The nature of our relationship is not wholly different from what a person might have with a thoughtful bartender. You sometimes seek solace, sometimes empathy, always reliable service at a reasonable price. Only you don't want any drinks being served when well-honed blades are flying past your ears.

The key to this hair-cutting business is a customer's capacity to submit themselves to the control of some authority, and for that authority to understand they have the upper hand in the situation.

Though the customer holds the money, a hairstylist holds the scissors. The customer can withhold the money, but the hairstylist can goof up your head for a long time.

Nothing strips a person of their assurance more than ... well, stripping them. Who wants their hair in the hands of someone with flagging self-esteem?

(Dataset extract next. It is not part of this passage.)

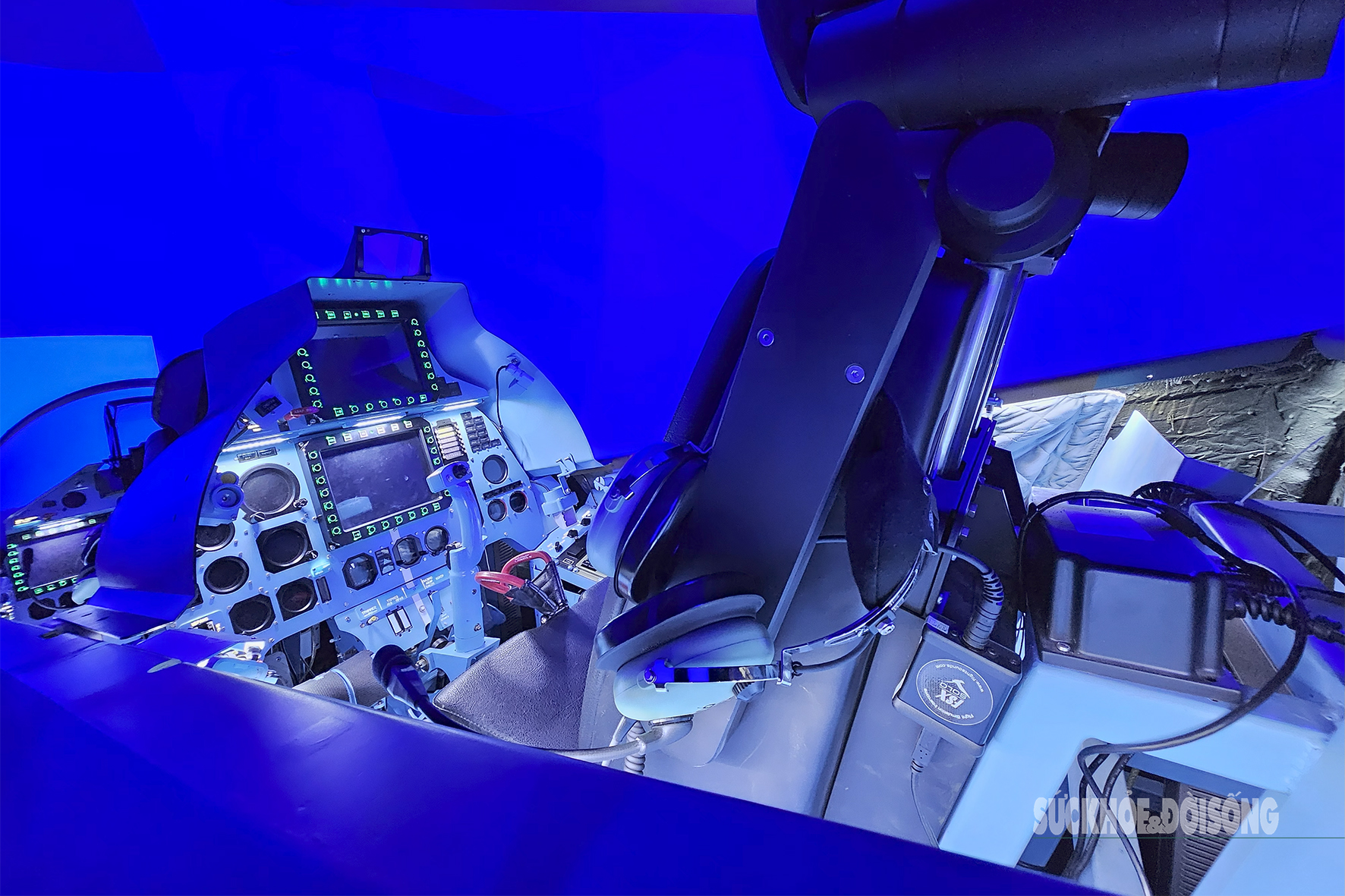 Khám phá buồng tập lái Su-30MK2 hiện đại do Việt Nam chế tạo- Ảnh 8. Khám phá buồng tập lái Su-30MK2 hiện đại do Việt Nam chế tạo- Ảnh 8.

If I owned a beauty school, here is the proverb I would affix on each diploma: Coiffure Equals Confidence. It would be my small contribution to the cosmological arts.

The barber shops I frequented as a child were nightmarish establishments where small-town conformity was sanctioned by the proprietor's limitations. Haircuts were administered on dual levels, short and shorter; all heads in the community looked essentially the same because they all passed before the same set of hands.

A maverick in those days wore a crew cut, which the barbers could pull off, but not gladly.

I think back on those days now in the way I think back on detentions and bad illnesses, musing queasily on the thought of being on the receiving end of some "cowboy tonic" and having an old guy who smelled of talcum rub the stubble that rose from my scalp and tell me, "Yer dun."

And enhancing this melancholy, if that is possible, is the image I now have, one that may disrupt my slumber in nights to come, of what these barbers would have looked like with their shirts off.